The MSCI World equities index was down 0.6% in February (in GBP) with European benchmarks maintaining the positive momentum seen in January, while US and Chinese indices gave back some of their recent gains. Latest CPI and PCE inflation prints exceeded expectations and, coupled with stronger consumer spending and confidence data, this paved the way for the market to price in an extended tightening cycle. Most Economists see the likelihood of a near term recession as low, as employment remains high, China recovery is gathering pace and corporates are in a relatively good shape with strong balance sheets and pricing power. Looking further into 2023, the possibility of central bank overtightening, geopolitical uncertainty and eroding savings still present risks to growth, with many market observers predicting the US will slip into a recession in late 2023 or early 2024. Notwithstanding this backdrop, we remain optimistic that the Longevity Consumer is well positioned to demonstrate relative resilience in this uncertain time, underpinned by stronger savings balances among the longevity population and relatively inelastic demand for healthcare.
Portfolio positioning and performance
The Pacific Longevity & Social Change strategy returned +1% in February (in GBP), outperforming its global benchmark with strong alpha generation across all of its focus sectors – Healthcare, Consumer Discretionary, Financials and Staples. On a stock level, the top three absolute contributors to Fund performance in February were Catalent, Pets at Home and Transmedics. The primary detractors were Service Corp, Tandem Diabetes and Columbia Sportwear.

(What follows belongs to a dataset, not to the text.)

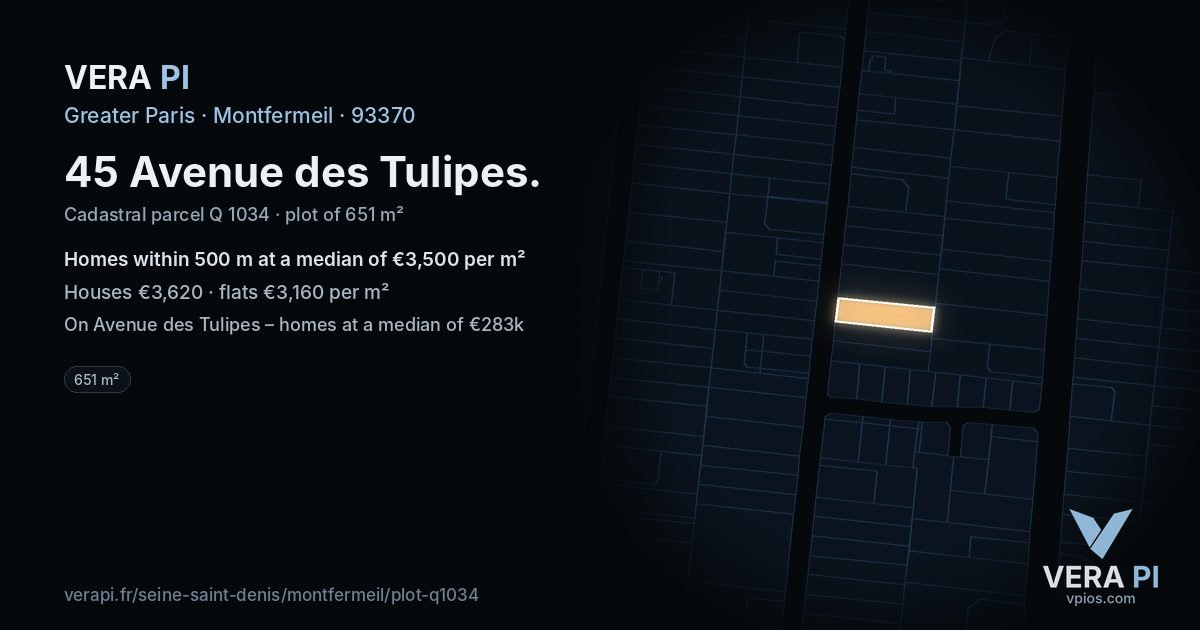 45 Avenue des Tulipes, Montfermeil at night – the plot lit, the parcels around coloured by the prices near them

While the Healthcare sector remained out of favour in February (-3% in GBP), our Healthcare holdings outperformed the benchmark and delivered a positive return. Catalent was up sharply on bid speculation, Transmedics reported a strong close to the year and Align rerated after a Q4 which showed upside on most key metrics including a sequential improvement in the volume of aligners. The strongest performers in Financials were Julius Baer and UBS – two beneficiaries of the ongoing rates tightening in Europe and (further out) reopening in China. Consumer Discretionary holdings delivered another strong month driven by Pets at Home, Brunswick and Booking. Booking reported a strong Q4, which confirmed further share gains and still resilient travel spending. The result was underscored by a commitment to a sizeable share buyback over the coming years.
Looking at the Longevity & Social Change performance by theme, the Longevity Consumer was once again the top contributor, followed by Healthcare. We expect quality consumer brands to remain resilient in the near future, supported by leaner inventory levels, easing supply chain headwinds, innovation and ongoing reopening in China. The Later Living theme was held back by Funeral Services and Health Insurance while Education & Wellbeing saw weakness in Screening.
Outlook
As we move through 2023 ongoing challenges are presented by persistent inflation, tight labour markets and higher costs of financing. Despite this, we believe the outlook for the Longevity and Social Change universe remains robust. Across the globe, populations continue to age and this creates opportunities for companies that provide products and services which cater to changing consumption patterns driven by shifts in demography. With the cost of capital climbing and inflation still running high we believe companies with strong management and a track record of execution should prove to be good long-term investments. We remain focused on identifying high quality companies with proven operating models and strong innovation characteristics that have exposure to the durable and resilient growth offered by the Longevity and Social Change theme.